Delivering Tepid Water
Emergency thermostatic mixing valves (TMVs), as well as specially designed on-demand water heaters, are effective solutions for delivering tepid water consistently and reliably to emergency fixtures. Both technologies help ensure that the user will stay in the water rinse for the full 15 minutes.
TMVs. With TMVs, the hot and cold water is brought into the valve, where it is mixed together and then routed over an internal thermal element called a thermostat.

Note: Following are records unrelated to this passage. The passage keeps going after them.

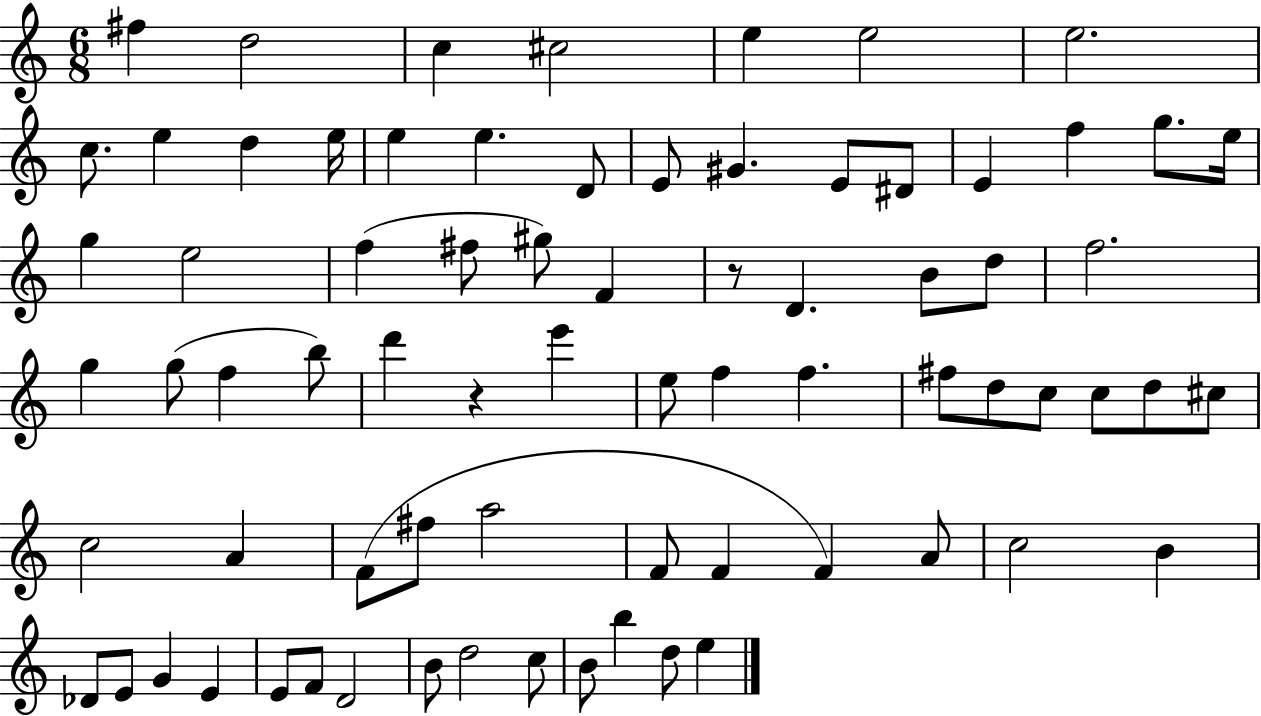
{
  \clef treble
  \numericTimeSignature
  \time 6/8
  \key c \major
  \repeat volta 2 { fis''4 d''2 | c''4 cis''2 | e''4 e''2 | e''2. | \break c''8. e''4 d''4 e''16 | e''4 e''4. d'8 | e'8 gis'4. e'8 dis'8 | e'4 f''4 g''8. e''16 | \break g''4 e''2 | f''4( fis''8 gis''8) f'4 | r8 d'4. b'8 d''8 | f''2. | \break g''4 g''8( f''4 b''8) | d'''4 r4 e'''4 | e''8 f''4 f''4. | fis''8 d''8 c''8 c''8 d''8 cis''8 | \break c''2 a'4 | f'8( fis''8 a''2 | f'8 f'4 f'4) a'8 | c''2 b'4 | \break des'8 e'8 g'4 e'4 | e'8 f'8 d'2 | b'8 d''2 c''8 | b'8 b''4 d''8 e''4 | \break } \bar "|."
}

The thermostat continuously maintains the temperature of the mixed water flowing through the TMV. If the temperature differs from the valve's set temperature, the thermostat will react and move a mechanism that modulates one or both of the inlet ports until the valve returns to the set temperature, thus ensuring that each emergency fixture is provided with tepid water.
Keep in mind not all TMVs are designed for tepid water. It's important to know that there is a difference between standard thermostatic valves and thermostatic mixing valves designed for emergency fixtures. Standard thermostatic mixing valves are designed to shut off the flow of water if there is a loss to either the hot or cold water supply. This is acceptable for typical domestic situations where a supply of only hot or only cold water would shock someone taking a shower.
However, an emergency application is different in that it’s better for someone to shower in cold water than no water at all. For this reason, emergency valves are designed with a cold-water bypass. Should the thermostat fail or the valve lose its hot water source for any reason, the cold water would still be allowed to flow through the valve to the emergency fixture. If the cold supply is lost, the valve will shut off and prevent the hot water from flowing through the valve to the emergency fixture. This protects the user from the potential dangers of a hot flushing fluid being supplied to the eyewash or shower.
Electric tankless water heaters. There are new, tankless heating systems that are especially efficient and precise in immediately supplying tepid water for use in eyewash and drench shower systems because they contain additional safeguards to prevent scalding of an injured worker. Newer models draw energy only when needed, hold outlet temperature to within plus or minus 1 degree F, and have a low pressure drop (as low as 8 pounds per square inch). Systems with this capacity will minimize potential post-installation complications due to a sudden pressure drop, resulting in minimal pressure at the fixture.
Built with redundant safety and anti-scald features to meet ANSI tepid water requirements, newer heaters quickly can reach the required tepid water temperature and provide injured employees with a consistent flow of tepid water for 15 minutes. Some heaters also offer overshoot purge protection that will automatically open to purge excess hot water when necessary.
From an operational efficiency standpoint, because newer tankless water heaters draw energy only when needed, they can provide significant energy cost savings. In addition, installation of these units is simplified because only one electrical connection and a cold water line are needed.
Keep in mind that tankless water heaters are often sized improperly. While most look only at the average ground water temperature, these products need to be configured based on the lowest ground water temperature. This will ensure the unit heats the water to the proper temperature during the coldest time of the year.
Getting Help for Your Installation
Consulting with a third-party safety consultant and/or an emergency equipment product manufacturer can help determine what type of heating mechanism is best for specific work environments. When dealing with the health and safety of employees, knowing that the appropriate emergency fixtures are installed correctly and prepared with tepid water will promote proper usage and peace of mind for all.